Dans le cadre d'émissions d'information, il est déjà très difficile pour les animateurs et les journalistes de s'en tenir à l'analyse (qui doit reposer sur des faits) et de se garder d'exprimer des opinions sur des sujets controversés. En dehors de ce cadre, l'exercice est encore plus périlleux.

La politique spectacle

En demandant la révision, la plaignante a précisé qu'elle voulait une information « objective ». « Qu'on arrête de nous dire quoi penser! », a-t-elle ajouté. La plaignante estime que Radio-Canada est aussi à blâmer, car l'extrait sur « le contrôle de la qualité » a été utilisé dans la publicité de Tout le monde en parle.

Il est vrai que la remarque de Michel C. Auger a eu un grand retentissement. Elle a été reprise par La Presse, le 15 mai, comme une des citations de la semaine : « Michel C. Auger se désolant de nos dirigeants peu charismatiques à Tout le monde en parle ». Cette blague a aussi servi à l'autopublicité qui annonçait l'émission du 9 mai de Tout le monde en parle. Elle a donc été diffusée de nombreuses fois à l'antenne de Radio-Canada. L'ombudsman n'a pas juridiction sur ces choix publicitaires, car il ne s'agit pas d'information, mais de divertissement. Les propos de Michel C. Auger étaient divertissants pour une bonne partie de l'auditoire, si l'on se fie aux rires qu'ils ont provoqués en studio.

Voilà toute la difficulté du mélange des genres pour les journalistes de Radio-Canada. Ils sont invités dans des émissions où le but premier est de divertir. La pression est grande pour trouver des formules-chocs, faire rire le public, capter l'attention des téléspectateurs, au même titre qu'un acteur ou qu'un humoriste. Mais contrairement aux autres invités de Tout le monde en parle, les journalistes de Radio-Canada sont soumis aux Normes et pratiques journalistes, même s'ils participent à une émission de variétés.
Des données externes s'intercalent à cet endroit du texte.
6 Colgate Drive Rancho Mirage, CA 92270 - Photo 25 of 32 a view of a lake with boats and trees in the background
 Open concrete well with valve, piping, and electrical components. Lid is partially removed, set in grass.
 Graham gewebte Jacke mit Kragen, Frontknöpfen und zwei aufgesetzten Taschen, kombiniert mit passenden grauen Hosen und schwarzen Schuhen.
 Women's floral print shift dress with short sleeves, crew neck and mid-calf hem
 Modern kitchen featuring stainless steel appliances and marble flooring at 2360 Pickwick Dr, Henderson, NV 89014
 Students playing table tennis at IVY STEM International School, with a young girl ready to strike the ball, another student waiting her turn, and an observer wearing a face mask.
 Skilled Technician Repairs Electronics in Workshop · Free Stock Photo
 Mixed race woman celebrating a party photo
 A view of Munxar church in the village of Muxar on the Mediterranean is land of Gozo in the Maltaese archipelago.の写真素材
L'exercice est très risqué, car l'animateur, par ses questions, incite constamment ses invités à donner leurs opinions.

De plus en plus de journalistes du secteur de l'Information participent à des talk-shows, des émissions de variétés ou d'humour comme Tout le monde en parle, Infoman, Bons baisers de France, Christiane Charette. Il s'agit d'un outil de promotion important pour le service de l'Information. Ces apparitions humanisent les journalistes, car le ton de ces échanges est plus convivial, plus décontracté. Mais cette visibilité accrue, sur toutes les plateformes, n'est pas sans conséquence.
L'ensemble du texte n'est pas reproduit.